(HOST) With President Obama embarking on a major European tour, commentator Bill Seamans has been thinking about the fine diplomatic art of meeting and greeting.
(SEAMANS) This week President Barack Obama launches an eight day, five nation journey to attack what he calls "the inherited challenges" he faces in Europe – translated into people-speak, that means Obama will begin his campaign to repair the American image overseas allegedly damaged by his predecessor. Adding to his diplomatic burden is the weight of the personal rapport that Obama establishes with the leaders of so many cultural backgrounds – and how he greets them is an important White House protocol question – when greeting the Arab officials should he kiss them on the cheek according to their custom – after all, President Bush held hands with King Abdullah. Should he greet the Slavs with their machismo bear hug – but crushed ribs are not good for basketball. Or will Obama retain the all-American handshake – perhaps offer a High Five or maybe even the Knuckle Knock used by Michelle when she greets him?
I think that President Obama should play it safe and stick to the familiar handshake so as not to accidentally offend any sensitivities. That thought drove me back to my dusty notes for some interesting history once provided by a diligent local public librarian when I asked her, "Just what is this thing called a handshake?"
I learned that the oldest recorded use of the handshake goes back to those drawings of hands on the walls of ancient Egypt that were said to signify the conferring of power from a god on an earthly ruler. Michelangelo depicted this view of the handshake on the ceiling of the Sistine Chapel. Then later-on the right hand, or weapon hand, was extended as a token of good will by showing that it was not reaching for a dagger or sword. This is offered as the reason why women, who throughout history usually did not bear arms, never developed the custom of the handshake – relying perhaps on other weapons.
Then in the Orient, where China holds most of our Treasury I.O.U.’s, for centuries the people have shown good intentions by joining both their hands in front of them away from weapons – which removed the worry about left-handers.

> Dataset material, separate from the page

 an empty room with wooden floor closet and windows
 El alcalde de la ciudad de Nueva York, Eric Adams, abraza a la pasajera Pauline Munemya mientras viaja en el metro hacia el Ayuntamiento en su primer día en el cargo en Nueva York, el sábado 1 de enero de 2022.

Now enters the ubiquitous cynic who thinks that even an ordinary handshake might offend some foreigners because they believe that "pressing the flesh" in Washington has become the symbol of a promise never intended to be kept. So what is President Obama to do to stimulate goodwill – a pat on the shoulder? The warm elbow grip? No… Not enough… Obama cannot escape the traditional "grip-and-grin" publicity snapshots with various leaders which they can use as their "I personally met Obama" boost for their political stature back home – even though some might look as warm and sincere as a shotgun photo-op.